Kennan selected Gaddis as his authorized biographer in the early 1980s.  Their agreement was all an historian could ask for:  Kennan gave Gaddis full and complete access to all his papers, including his personal diaries and correspondence, and asked almost nothing in return.  Kennan did not review the book or exercise any control over its contents.  The only condition was that Gaddis publish the biography after Kennan died, which Kennan, then nearing 80 years old, expected to be soon.  He would live another twenty years.  The book opens with Gaddis recounting some painfully funny portions of Kennan’s diary:  Kennan burdened with guilt for having lived so long, lamenting that his long life was hampering Gaddis’ career.  That was Kennan.

Kennan, a Foreign Service Officer in the United States Department of State for 27 years, became influential within the American government for writing the famous “long telegram” from his post in Moscow in 1946, and followed it up with the even more famous “X” article in Foreign Affairs in 1947.  The two writings offered a penetrating analysis of the Soviet Union and a sharp set of recommendation for how the United States should respond.  They were foundational documents for U.S. Cold War strategy.  Foreign Service Officers and Ambassadors to this day aspire to write the next “long telegram” and win instant clout throughout the government, but they typically forget that Kennan was in his early 40s when he wrote his dispatch and had spent two decades in relative obscurity, laboring in humble jobs and accumulating hard-earned expertise on his chosen subject.  He lived for nearly 17 years in eastern Europe and Russia, far longer than most diplomats and career Foreign Service Officers today, and spoke fluent German and Russian.  Kennan was a specialist with deep subject-matter expertise long before he earned a seat at the table of grand strategy.  He was also a vivid, strong writer.

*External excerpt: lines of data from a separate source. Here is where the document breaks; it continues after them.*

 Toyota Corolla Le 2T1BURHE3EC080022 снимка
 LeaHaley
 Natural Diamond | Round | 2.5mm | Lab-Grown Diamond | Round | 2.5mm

The seat his fame earned him was as the first Director of the State Department’s Policy Planning Staff, from 1947 to 1949, a job created by the new Secretary of State, George C. Marshall.  Even in this post, Kennan was just an upper-level bureaucrat, but his influence far exceeded his job title and became an ideal towards which all bureaucrats (fruitlessly) aspire.  His first planning paper at the State Department became the template for the Marshall Plan.  He almost single-handedly formulated U.S. policy towards Yugoslavia (when Tito dared show independence from Moscow) and China during the waning years of that country’s civil war.  Many of his papers were approved with little to no revision as official statements of U.S. policy under the Truman administration.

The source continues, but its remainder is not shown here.